Using floating wine walls, designer Jacqueline Bonanno sectioned off about 20 percent of the dining room, just to the side of the grand staircase that brings guests down into the dining room. This achieved three goals: 1) It allowed the restaurant to easily store more than 800 bottles of the wines that turn quickest on the menu (a separate, small room holds reserve list vintages). “On Larimer Square, space is very limited. Without actually renting a storage unit, we wouldn’t have anywhere to store the wine,” Bonanno says. 2) It made the cavernous layout much smaller, allowing the eatery to feel fuller even during slower service nights (of which are few and far between). And 3) It creates a 35-seat, semi-private event space.
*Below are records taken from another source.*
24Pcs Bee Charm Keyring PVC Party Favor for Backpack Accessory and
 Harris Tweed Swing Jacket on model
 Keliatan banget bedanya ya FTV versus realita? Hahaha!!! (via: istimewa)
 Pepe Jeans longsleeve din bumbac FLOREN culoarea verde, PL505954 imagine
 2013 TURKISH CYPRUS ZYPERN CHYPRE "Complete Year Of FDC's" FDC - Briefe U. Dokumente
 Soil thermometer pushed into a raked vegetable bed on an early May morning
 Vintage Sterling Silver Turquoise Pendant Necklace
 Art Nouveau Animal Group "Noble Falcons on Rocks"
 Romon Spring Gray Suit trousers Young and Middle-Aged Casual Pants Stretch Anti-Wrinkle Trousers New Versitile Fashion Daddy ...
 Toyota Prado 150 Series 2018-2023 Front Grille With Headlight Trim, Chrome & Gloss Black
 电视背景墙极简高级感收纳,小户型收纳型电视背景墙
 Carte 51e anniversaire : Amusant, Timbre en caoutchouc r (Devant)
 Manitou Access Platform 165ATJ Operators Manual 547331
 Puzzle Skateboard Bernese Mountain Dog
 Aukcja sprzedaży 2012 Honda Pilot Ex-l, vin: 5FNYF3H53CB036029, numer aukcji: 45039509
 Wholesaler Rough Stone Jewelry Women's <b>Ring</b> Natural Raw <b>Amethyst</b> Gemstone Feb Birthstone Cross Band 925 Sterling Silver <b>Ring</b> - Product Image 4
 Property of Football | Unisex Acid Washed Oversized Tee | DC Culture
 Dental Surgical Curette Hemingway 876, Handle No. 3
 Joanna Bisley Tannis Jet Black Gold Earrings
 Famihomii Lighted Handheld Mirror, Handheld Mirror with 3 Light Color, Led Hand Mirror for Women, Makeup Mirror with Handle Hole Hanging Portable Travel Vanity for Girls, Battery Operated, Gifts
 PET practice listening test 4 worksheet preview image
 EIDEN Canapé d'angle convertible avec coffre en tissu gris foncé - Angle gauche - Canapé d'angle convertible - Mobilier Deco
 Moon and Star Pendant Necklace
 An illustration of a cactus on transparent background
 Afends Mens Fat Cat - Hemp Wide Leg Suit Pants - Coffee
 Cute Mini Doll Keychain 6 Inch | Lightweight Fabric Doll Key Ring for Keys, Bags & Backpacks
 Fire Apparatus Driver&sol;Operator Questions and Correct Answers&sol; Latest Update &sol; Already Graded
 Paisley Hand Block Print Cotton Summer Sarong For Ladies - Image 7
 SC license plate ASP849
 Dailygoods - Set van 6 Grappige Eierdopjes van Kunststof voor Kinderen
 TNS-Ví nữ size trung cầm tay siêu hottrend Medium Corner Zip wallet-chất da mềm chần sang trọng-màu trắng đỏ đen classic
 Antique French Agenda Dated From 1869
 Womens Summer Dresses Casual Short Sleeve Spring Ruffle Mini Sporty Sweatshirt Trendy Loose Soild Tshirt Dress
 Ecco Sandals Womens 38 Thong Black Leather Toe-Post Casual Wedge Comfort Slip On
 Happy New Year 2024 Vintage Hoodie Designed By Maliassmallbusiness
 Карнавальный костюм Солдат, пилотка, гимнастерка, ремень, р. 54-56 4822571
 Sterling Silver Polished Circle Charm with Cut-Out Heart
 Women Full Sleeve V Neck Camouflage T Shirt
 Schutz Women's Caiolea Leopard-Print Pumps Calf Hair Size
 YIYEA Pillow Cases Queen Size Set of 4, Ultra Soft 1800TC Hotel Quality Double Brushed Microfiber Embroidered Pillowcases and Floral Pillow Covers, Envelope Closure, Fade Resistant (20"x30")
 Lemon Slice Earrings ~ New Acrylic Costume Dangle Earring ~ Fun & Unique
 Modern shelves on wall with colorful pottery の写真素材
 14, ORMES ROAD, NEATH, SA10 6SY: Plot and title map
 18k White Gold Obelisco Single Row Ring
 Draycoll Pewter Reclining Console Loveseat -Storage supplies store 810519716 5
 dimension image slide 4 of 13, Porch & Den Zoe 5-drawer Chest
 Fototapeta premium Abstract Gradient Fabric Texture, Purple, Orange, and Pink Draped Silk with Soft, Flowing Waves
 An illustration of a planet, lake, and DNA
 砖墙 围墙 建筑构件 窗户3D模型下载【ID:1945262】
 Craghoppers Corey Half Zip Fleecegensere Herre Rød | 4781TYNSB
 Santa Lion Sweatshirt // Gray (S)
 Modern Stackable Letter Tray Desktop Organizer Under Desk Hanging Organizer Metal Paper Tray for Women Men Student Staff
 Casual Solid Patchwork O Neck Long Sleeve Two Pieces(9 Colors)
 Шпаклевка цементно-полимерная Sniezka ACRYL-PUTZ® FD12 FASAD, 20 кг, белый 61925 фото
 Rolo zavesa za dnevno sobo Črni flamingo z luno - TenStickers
Each restaurant in the Bonanno Concepts portfolio has a unique philosophy from the kitchen. Jacqueline’s challenge is to match the décor to the food, which is overseen by her husband, celebrity chef Frank Bonanno. In this case, a more casual approach to Italian fueled by detail to ingredients and charcuterie. Lots of charcuterie. Jacqueline used a “contemporary butcher shop” approach to the design. She pulls this off masterfully. A high-end meat slicer greets guests at the host stand. A timeless wood staircase entrance embraces the building’s historic significance, and stone, metal, and other textures give it a modern refresh.
This was the first restaurant Jacqueline designed using label-forward wine racking. It’s become a staple in every restaurant since (and she’s even incorporated it into older properties during remodels). “Not only is it a practical room divider, it gives you that visual where this is the place where the wine is amazing.”